Vanuit de woestijn van Sin trok het hele volk van Israël verder, van de ene pleisterplaats naar de andere, volgens de aanwijzingen van de HEER. Toen ze hun tenten opsloegen in Refidim, bleek daar geen water te zijn om te drinken. Ze maakten Mozes verwijten. ‘Geef ons te drinken, geef ons water!’ zeiden ze. Mozes zei:
‘Waarom maakt u mij verwijten? Waarom stelt u de HEER op de proef?’ Maar omdat het volk daar hevige dorst leed, bleef het klagen. ‘Waarom hebt u ons uit Egypte weggevoerd?’ zeiden ze tegen Mozes. ‘Om ons van dorst te laten sterven, met onze kinderen en ons vee?’

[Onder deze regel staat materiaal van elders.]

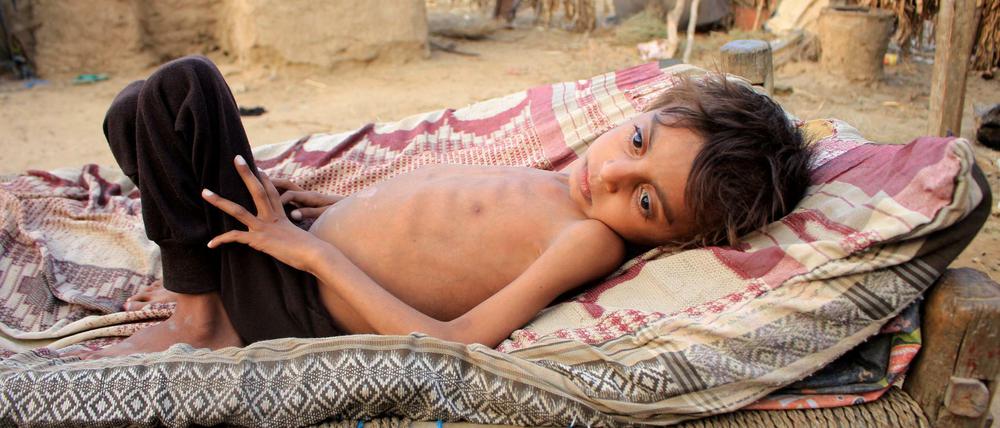 Ein unterernährter Junge im Jemen. 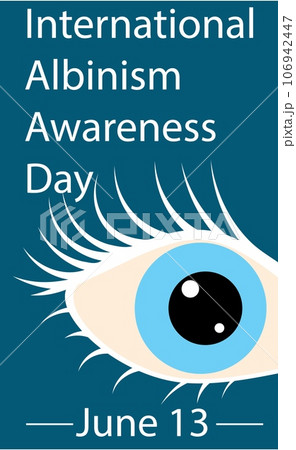 International Albinism Awareness Day. Female eye with white eyelashes. Genetic rare disorder. International Albinism Awareness Day. Female eye with white eyelashes. Genetic rare disorder. 106942447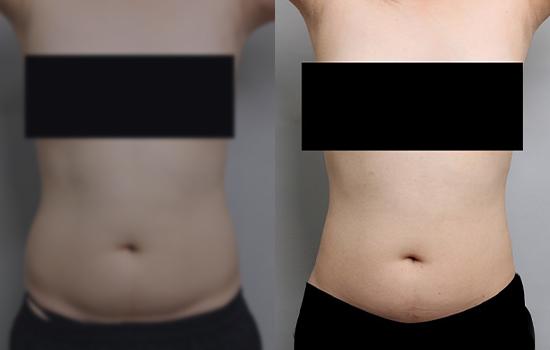 160cm/68.3kg/복부/2000cc/2개월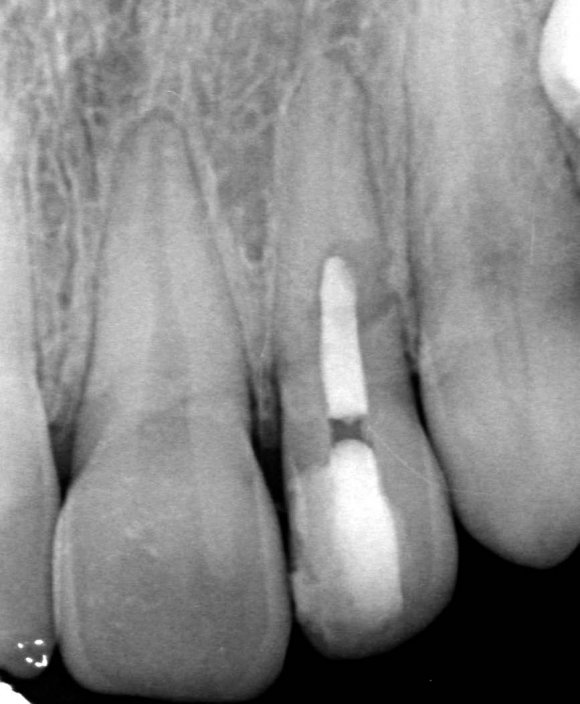 Figure 6: Rounded or elongated forms of Tetrahymena in the presence of orthodontic archwires objectifying their cytotoxicity c) Effect of the different types of extracts of Syzygium aromaticum and Celtis australis on the cytotoxicity of the wires The protozoan was cultured in artificial saliva previously incubated, for 15 days, in the presence of NiTi or CuNiTi wires and the different types of extracts of Syzygium aromaticum and Celtis australis.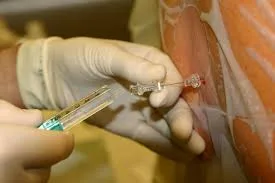 anaes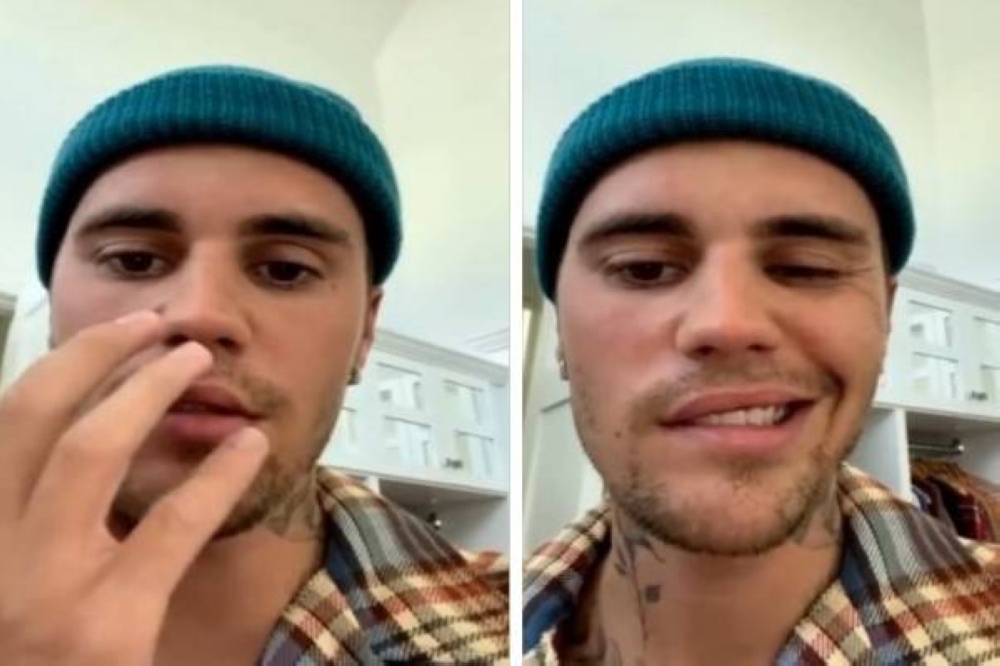 يؤثر على أعصاب أذنه ووجهه.. شاهد: جاستن بيبر يعلن إصابته بمرض خطير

Mozes riep luid de HEER aan. ‘Wat moet ik met dit volk beginnen?’ vroeg hij. ‘Er hoeft niet veel meer te gebeuren of ze stenigen mij!’ De HEER antwoordde Mozes:
‘Ga samen met een aantal van de oudsten van Israël voor het volk uit. Neem de staf waarmee je op de Nijl hebt geslagen in je hand en ga op weg. Ik zal je opwachten op de rots bij de Horeb. Als je op de rots slaat, zal er water uit stromen, zodat het volk te drinken heeft.’ Mozes deed dit, in het bijzijn van de oudsten van Israël. Hij noemde die plaats Massa en Meriba, omdat de Israëlieten Mozes daar verwijten hadden gemaakt en omdat ze daar de HEER op de proef hadden gesteld door te vragen:
‘Is de HEER nu in ons midden of niet?’